[Items from a data source]
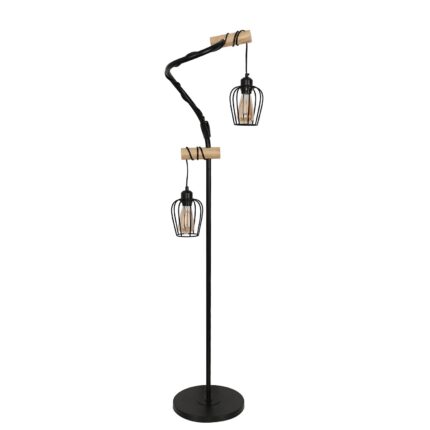 Lampa De Podea E27, Goeco, Cu Doua Capete, Negru + Lemn, 36x30x154 Cm, Comutator European Cu Buton, Fara Sursa De Lumina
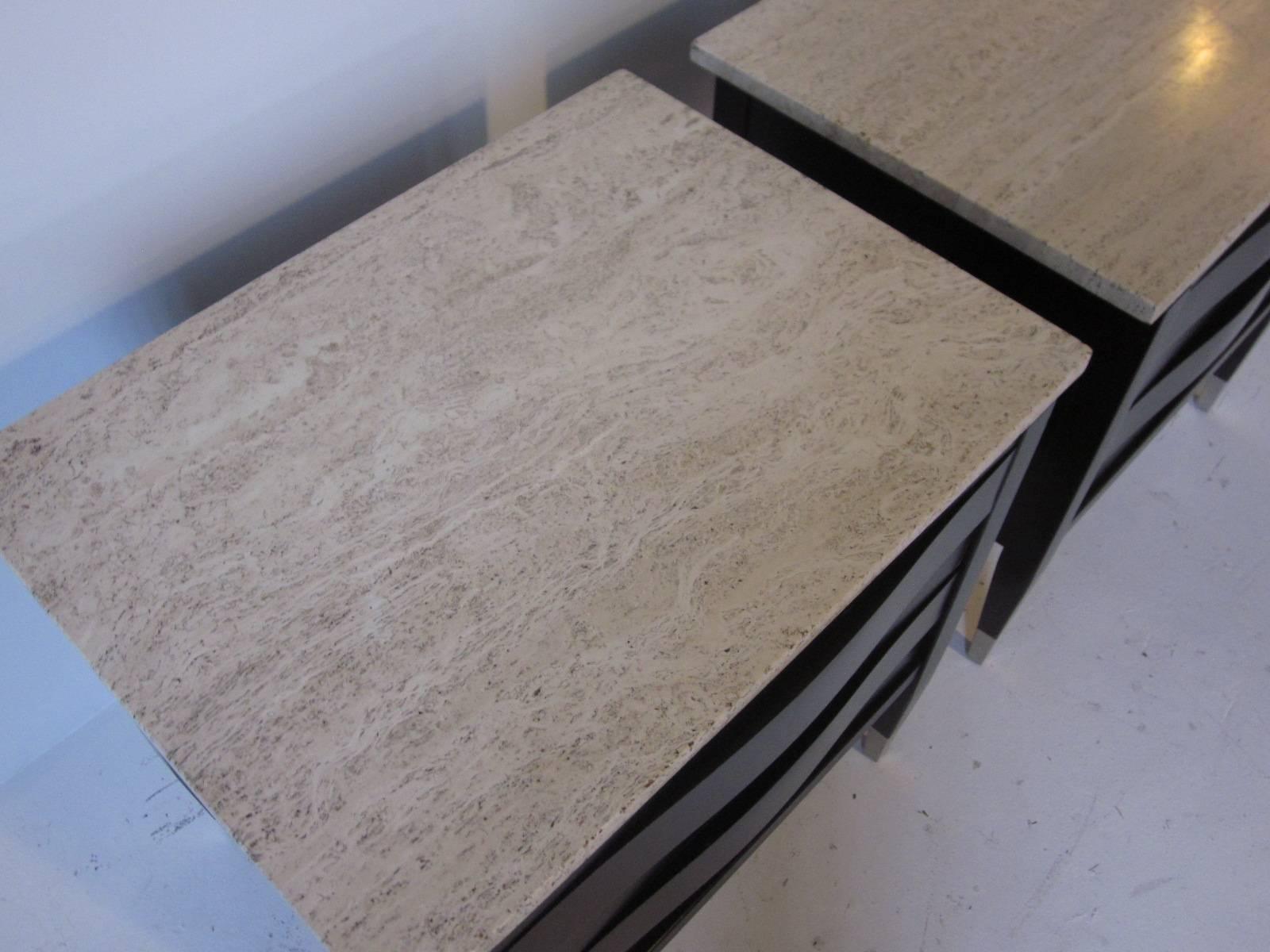 20th Century Travertine Marble Topped Nightstands or End Tables by American of Martinsville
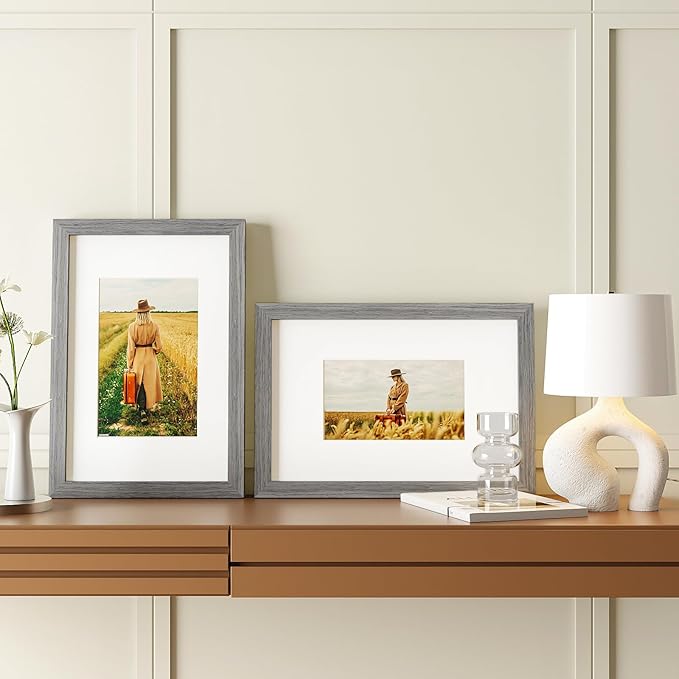 Egofine 8x12 Picture Frames Set of 4, Made of Solid Wood Covered by Plexiglass 5x7 and 6x8 with Mat or 8x12 without Mat, for Table Top Display and Wall Mounting Photo Frame Light Grey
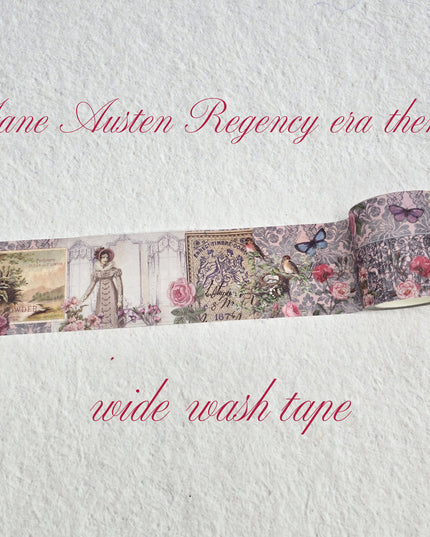 Jane Austen Lavender Garden Washi Tape – 5 cm Wide, Extra Long (10 Meters)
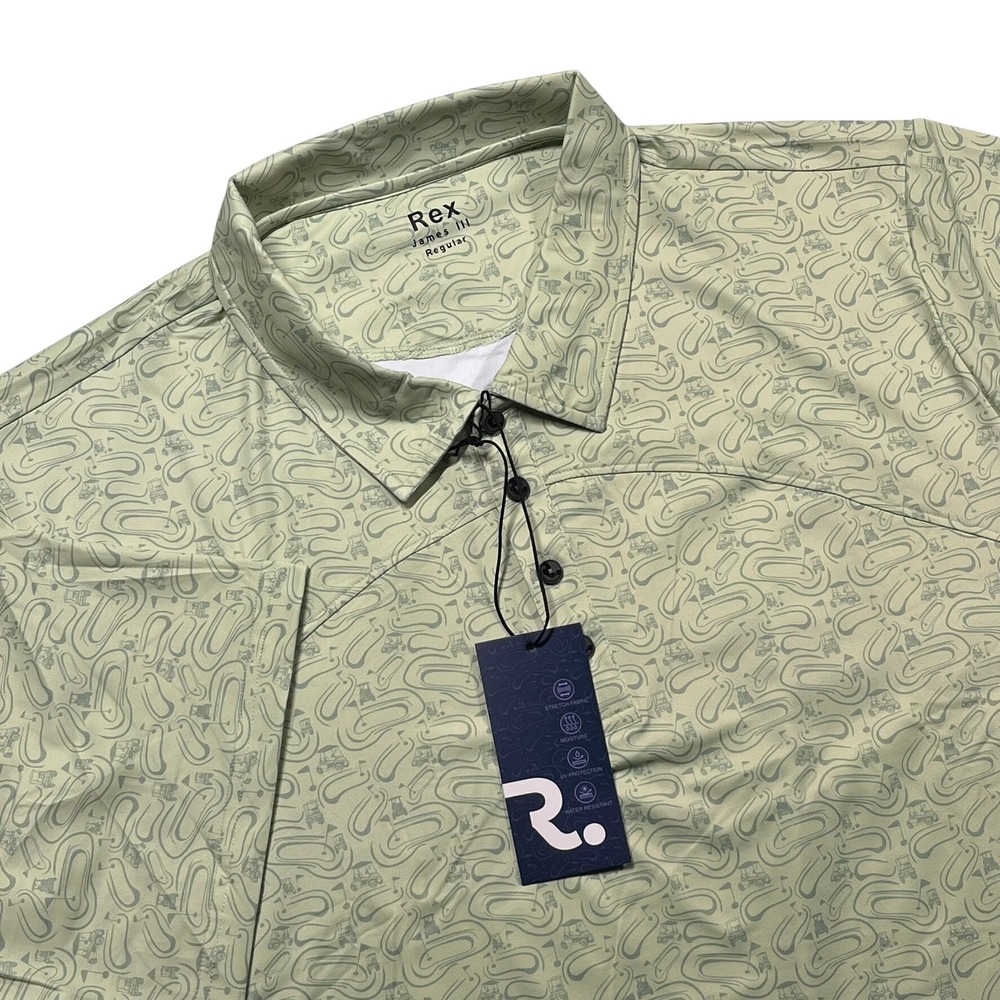 Felix Rex James III Polo Men's 3XL Green Golf Course Print Stretch Performance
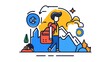 © Ren - Line Art Illustration: Adventurer Ascending Mountainscape AI Generated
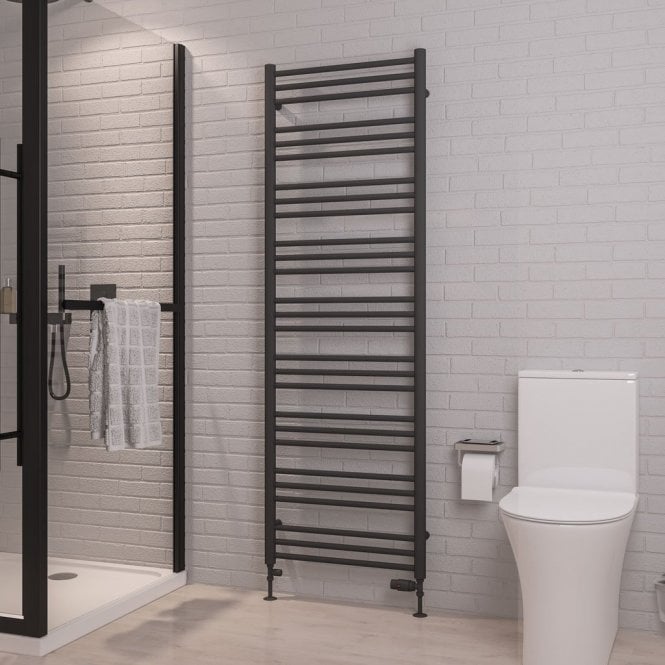 Eastbrook  Corinium Round 1800mm x 600mm Towel Rail Matt Anthracite   89.1559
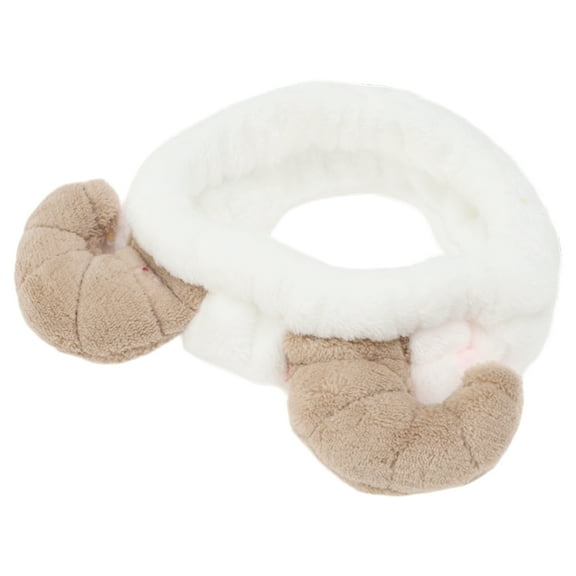 Unique Bargains 1 Pc Fashion Plush Wide Side Sheep Horns Headwrap for Women 9.06"x2.36" White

> **Your objective**
Please transcribe exactly the lines from the one containing "Felix Rex James" through the final line of the data, including both, and nothing else. Pictures are to be left out.

> **Response area**
 Felix Rex James III Polo Men's 3XL Green Golf Course Print Stretch Performance
 © Ren - Line Art Illustration: Adventurer Ascending Mountainscape AI Generated
 Eastbrook  Corinium Round 1800mm x 600mm Towel Rail Matt Anthracite   89.1559
 Unique Bargains 1 Pc Fashion Plush Wide Side Sheep Horns Headwrap for Women 9.06"x2.36" White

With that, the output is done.